- Problem to solve -
The pictures are to be omitted when the entries are reproduced exactly.

Captioned web images

=======

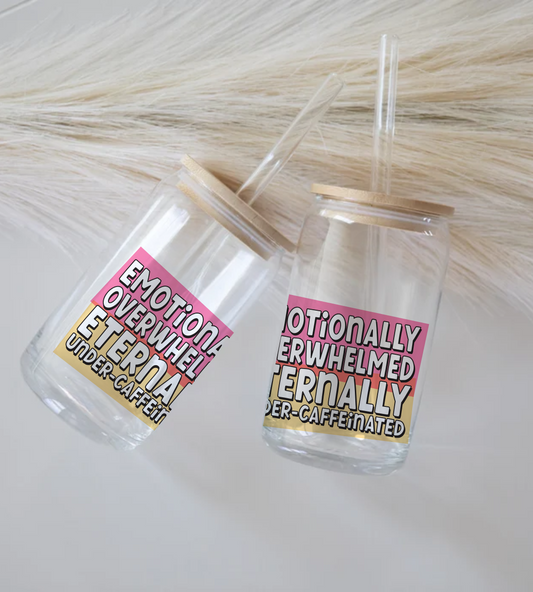 Emotionally Overwhelmed - Glass Tumbler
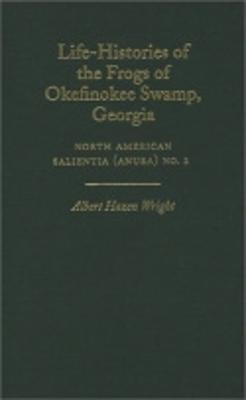 Life-Histories of the Frogs of Okefinokee Swamp, Georgia(English, Hardcover, Wright Albert Hazen)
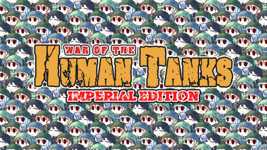 War of the Human Tanks - Imperial Edition cover image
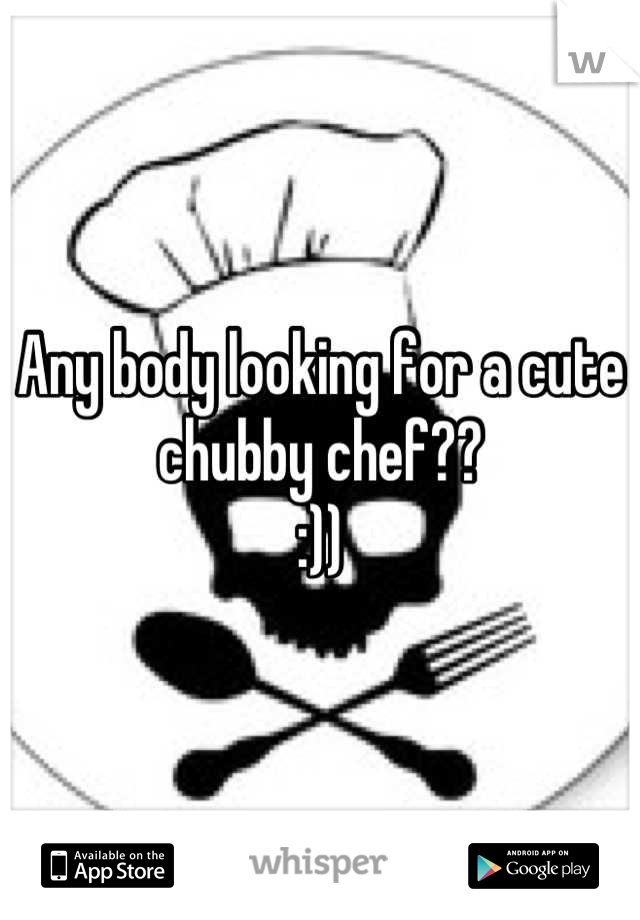 Any body looking for a cute chubby chef?? 
:))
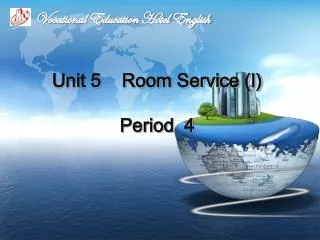 Unit 5 Room Service (?) Period 4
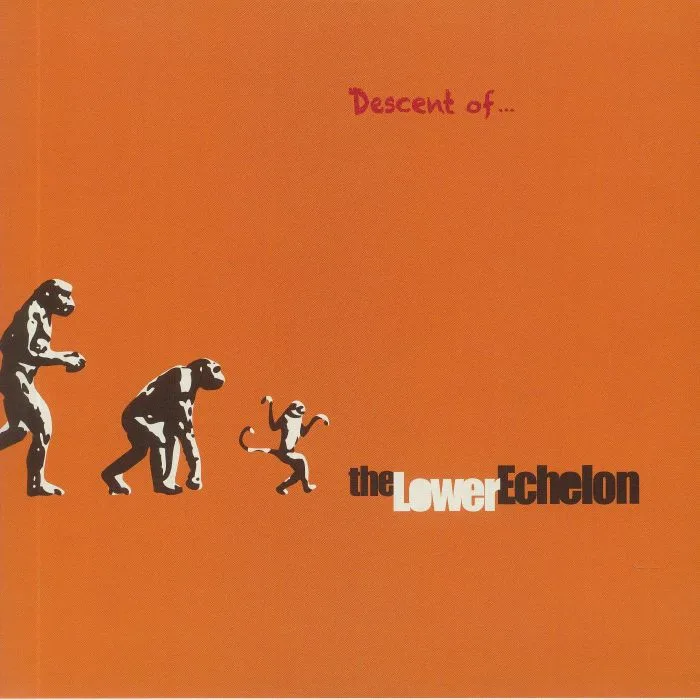 The LOWER ECHELON — Descent Of
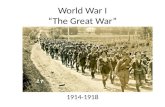 World War I “The Great War”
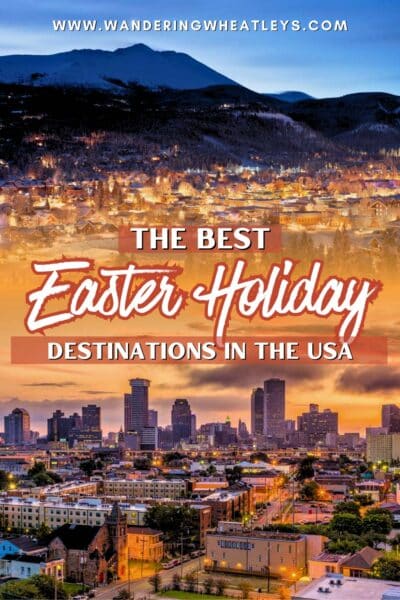 Best Easter Holiday Destinations in the USA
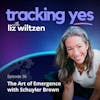 The Art of Emergence with Schuyler Brown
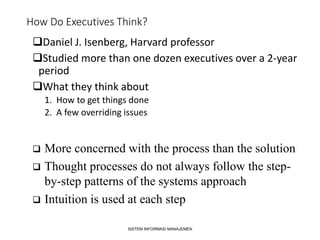 How Do Executives Think?
Daniel J. Isenberg, Harvard professor
Studied more than one dozen executives over a 2-year
period
What they think about
1. How to get things done
2. A few overriding issues
SISTEM INFORMASI MANAJEMEN
 More concerned with the process than the solution
 Thought processes do not always follow the step-
by-step patterns of the systems approach
 Intuition is used at each step
 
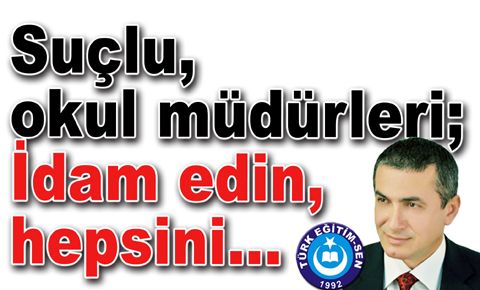 Suçlu, okul müdürleri; İdam edin, hepsini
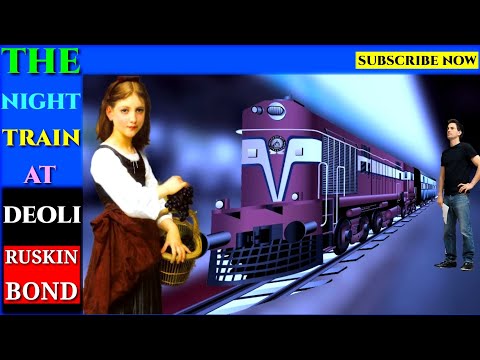 The Night Train at Deoli in Hindi | Ruskin Bond Video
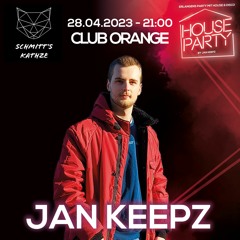 Jan Keepz @HOUSEPARTY Erlangen x Schmitt's Kathze - 28.04.2023 Club Orange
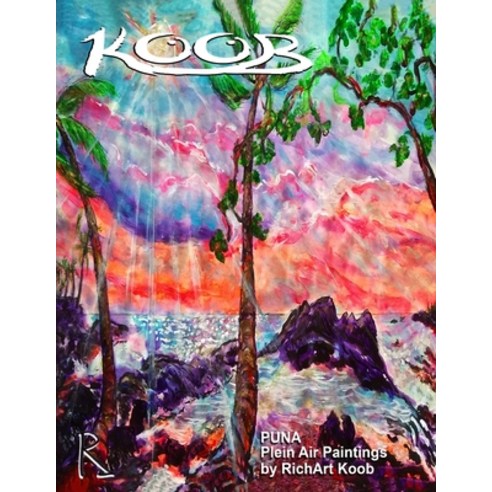 (영문도서) Koob: PUNA Plein Air Paintings by Richard Koob Paperback, Independently Published, English, 9798424339653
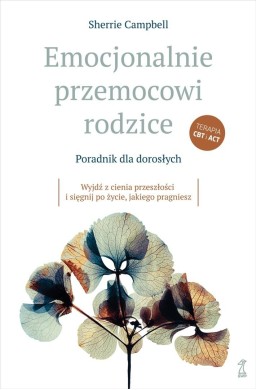 Emocjonalnie przemocowi rodzice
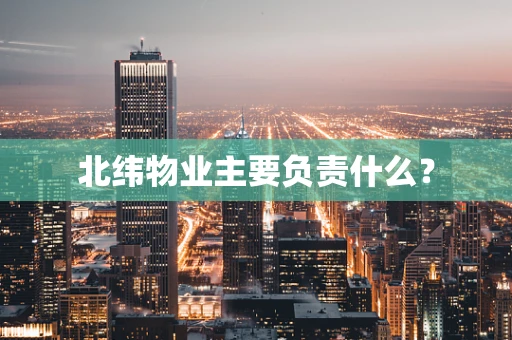 北纬物业主要负责什么？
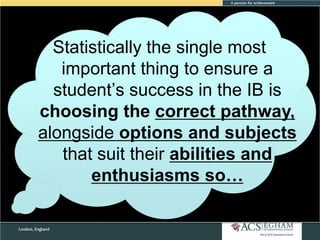 Statistically the single most
important thing to ensure a
student‘s success in the IB is
choosing the correct pathway,
alongside options and subjects
that suit their abilities and
enthusiasms so…

 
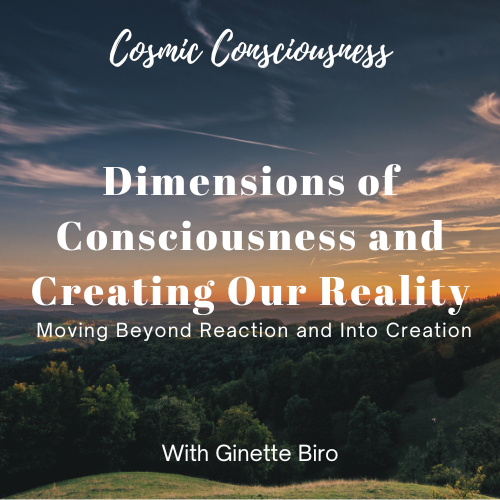 Dimensions of Consciousness and Creating Our Reality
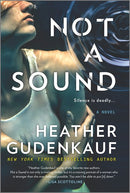 Not a Sound: A Thriller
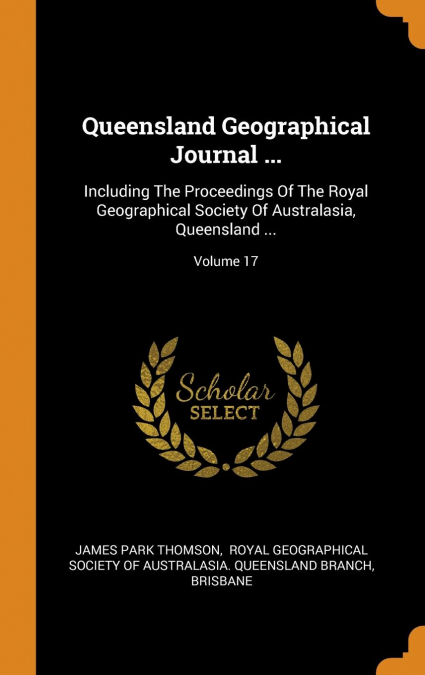 Queensland Geographical Journal ...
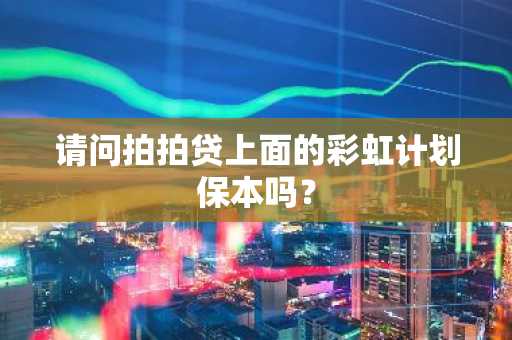 请问拍拍贷上面的彩虹计划保本吗？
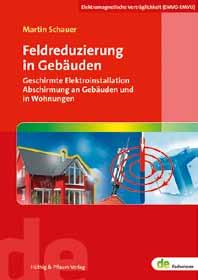 Feldreduzierung in Gebäuden Von Martin Schauer (Hrsg.). 2013. 336 Seiten. Softcover. 39,80.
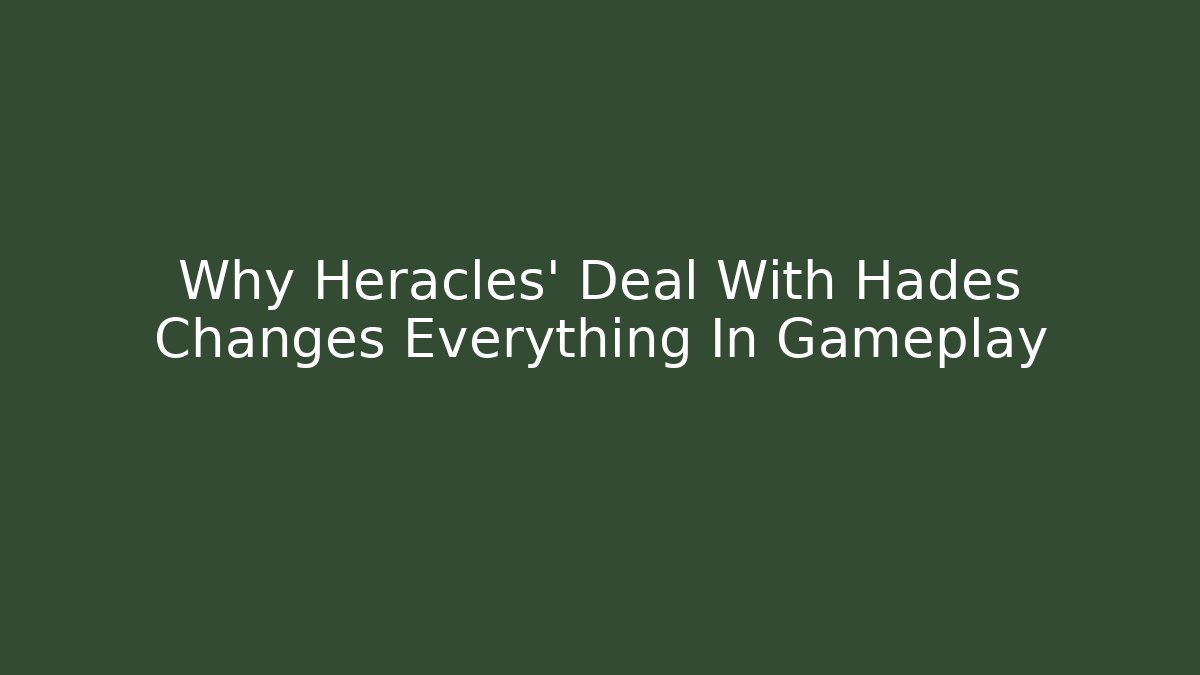Why Heracles' Deal With Hades Changes Everything In Gameplay - Create More Assets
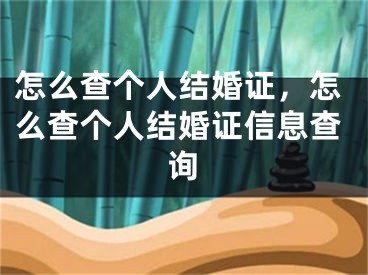 怎么查个人结婚证，怎么查个人结婚证信息查询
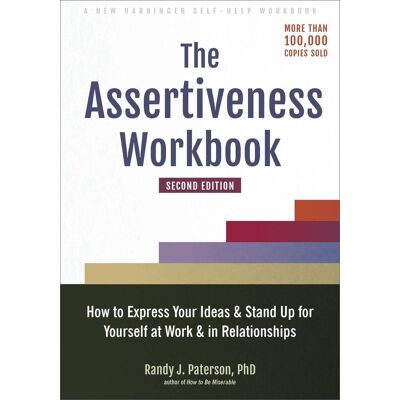 New Harbinger Publications The Assertiveness Workbook New Harbinger Publications The Assertiveness Workbook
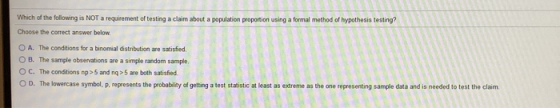 proportion Which of the following is NOT a requirement of testing a claim about a population Choose the correct answer below.
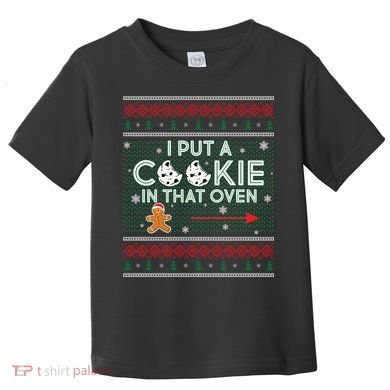 I Put A Cookie In That Oven Ugly Christmas Sweater Toddler T-Shirt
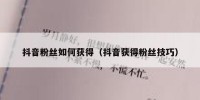 抖音粉丝如何获得（抖音获得粉丝技巧）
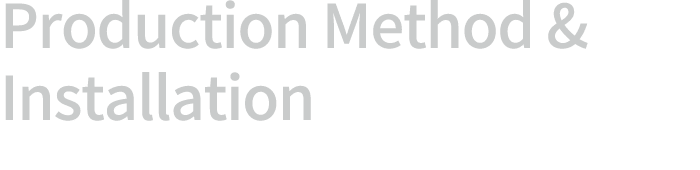 Production Method & Installation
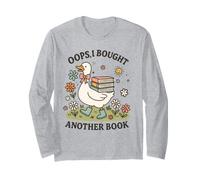Oops I Bought Another Book Cute Goose Reader Bookish Humor Long Sleeve T-Shirt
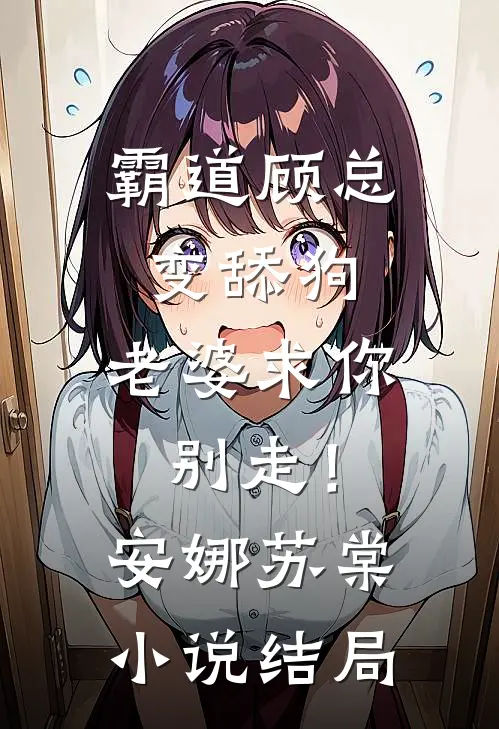 霸道顾总变舔狗，老婆求你别走！安娜苏棠小说结局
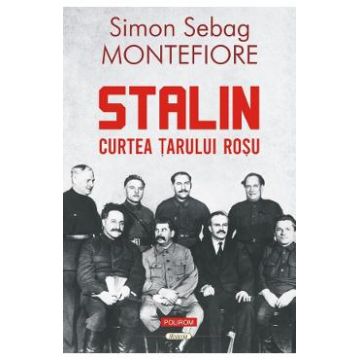 Stalin. Curtea tarului rosu - Simon Sebag Montefiore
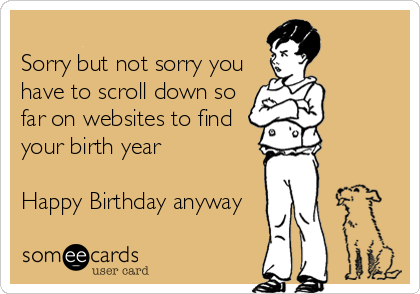
Sorry but not sorry you
have to scroll down so
far on websites to find
your birth year

Happy Birthday anyway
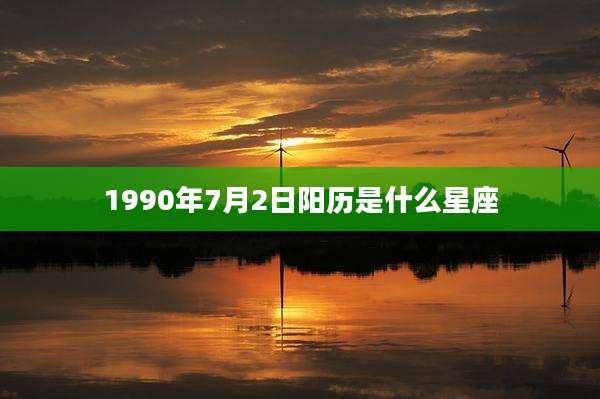 1990年7月2日阳历是什么星座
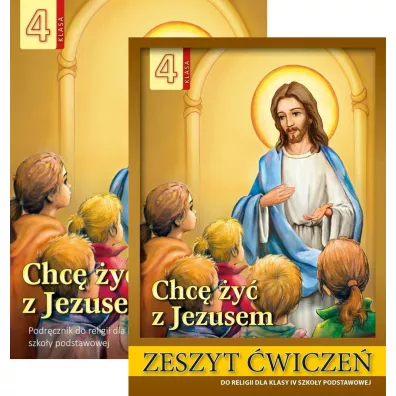 Pakiet Chc� �y� z Jezusem. Podr�cznik i zeszyt �wicze� do religii dla klasy IV szko�y podstawowej - Stanis�aw �abendowicz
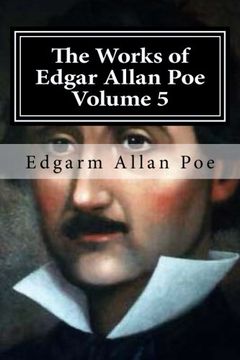 portada The Works of Edgar Allan Poe  Volume 5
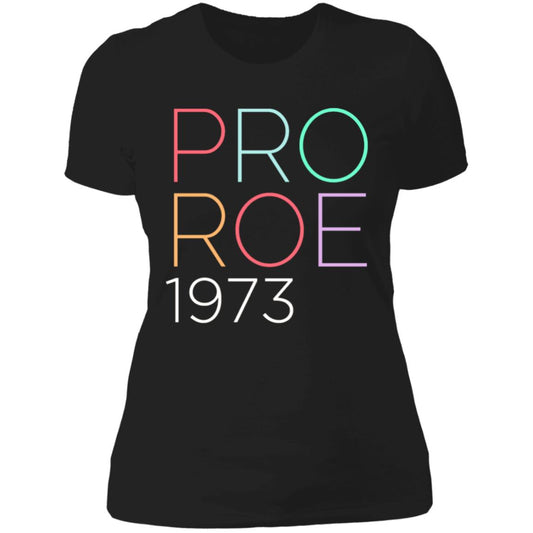 Modern Style Fitted Pro 1973 Roe T-Shirt - Choice Tee (NL3900)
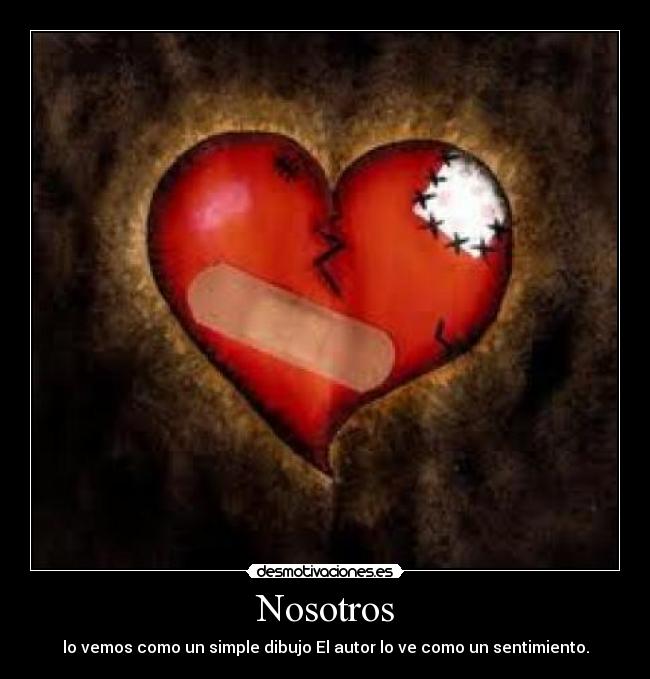 carteles corazon desmotivaciones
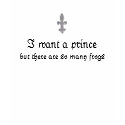 I want a prince, but there are so man... t-shirts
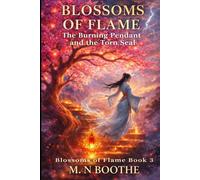 The Burning Pendant and the Torn Seal: 3 (BLOSSOMS OF FLAME)
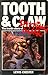 Tooth & Claw: The Inside St...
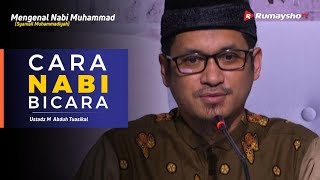Mengenal Nabi Muhammad (47) : Cara Nabi Berbicara - Ustadz M Abduh Tuasikal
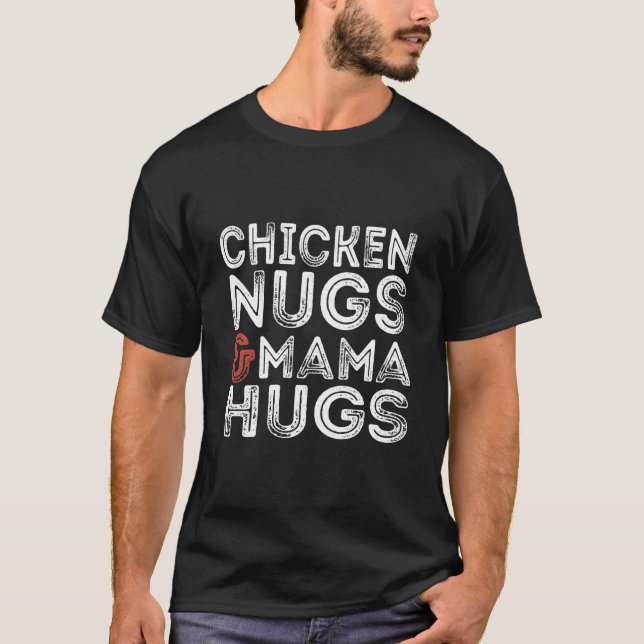 Camiseta Chicken Nugs And Mama Hugs (Frente)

=======

- Result for this task -
 Emotionally Overwhelmed - Glass Tumbler
 Life-Histories of the Frogs of Okefinokee Swamp, Georgia(English, Hardcover, Wright Albert Hazen)
 War of the Human Tanks - Imperial Edition cover image
 Any body looking for a cute chubby chef?? 
:))
 Unit 5 Room Service (?) Period 4
 The LOWER ECHELON — Descent Of
 World War I “The Great War”
 Best Easter Holiday Destinations in the USA
 The Art of Emergence with Schuyler Brown
 How Do Executives Think?
Daniel J. Isenberg, Harvard professor
Studied more than one dozen executives over a 2-year
period
What they think about
1. How to get things done
2. A few overriding issues
SISTEM INFORMASI MANAJEMEN
 More concerned with the process than the solution
 Thought processes do not always follow the step-
by-step patterns of the systems approach
 Intuition is used at each step
 
 Suçlu, okul müdürleri; İdam edin, hepsini
 The Night Train at Deoli in Hindi | Ruskin Bond Video
 Jan Keepz @HOUSEPARTY Erlangen x Schmitt's Kathze - 28.04.2023 Club Orange
 (영문도서) Koob: PUNA Plein Air Paintings by Richard Koob Paperback, Independently Published, English, 9798424339653
 Emocjonalnie przemocowi rodzice
 北纬物业主要负责什么？
 Statistically the single most
important thing to ensure a
student‘s success in the IB is
choosing the correct pathway,
alongside options and subjects
that suit their abilities and
enthusiasms so…

 
 Dimensions of Consciousness and Creating Our Reality
 Not a Sound: A Thriller
 Queensland Geographical Journal ...
 请问拍拍贷上面的彩虹计划保本吗？
 Feldreduzierung in Gebäuden Von Martin Schauer (Hrsg.). 2013. 336 Seiten. Softcover. 39,80.
Why Heracles' Deal With Hades Changes Everything In Gameplay - Create More Assets
 怎么查个人结婚证，怎么查个人结婚证信息查询
 New Harbinger Publications The Assertiveness Workbook New Harbinger Publications The Assertiveness Workbook
 proportion Which of the following is NOT a requirement of testing a claim about a population Choose the correct answer below.
 I Put A Cookie In That Oven Ugly Christmas Sweater Toddler T-Shirt
 抖音粉丝如何获得（抖音获得粉丝技巧）
 Production Method & Installation
Oops I Bought Another Book Cute Goose Reader Bookish Humor Long Sleeve T-Shirt
 霸道顾总变舔狗，老婆求你别走！安娜苏棠小说结局
 Stalin. Curtea tarului rosu - Simon Sebag Montefiore
Sorry but not sorry you
have to scroll down so
far on websites to find
your birth year

Happy Birthday anyway
 1990年7月2日阳历是什么星座
 Pakiet Chc� �y� z Jezusem. Podr�cznik i zeszyt �wicze� do religii dla klasy IV szko�y podstawowej - Stanis�aw �abendowicz
 portada The Works of Edgar Allan Poe  Volume 5
 Modern Style Fitted Pro 1973 Roe T-Shirt - Choice Tee (NL3900)
 carteles corazon desmotivaciones
 I want a prince, but there are so man... t-shirts
 The Burning Pendant and the Torn Seal: 3 (BLOSSOMS OF FLAME)
 Tooth & Claw: The Inside St...
Mengenal Nabi Muhammad (47) : Cara Nabi Berbicara - Ustadz M Abduh Tuasikal
 Camiseta Chicken Nugs And Mama Hugs (Frente)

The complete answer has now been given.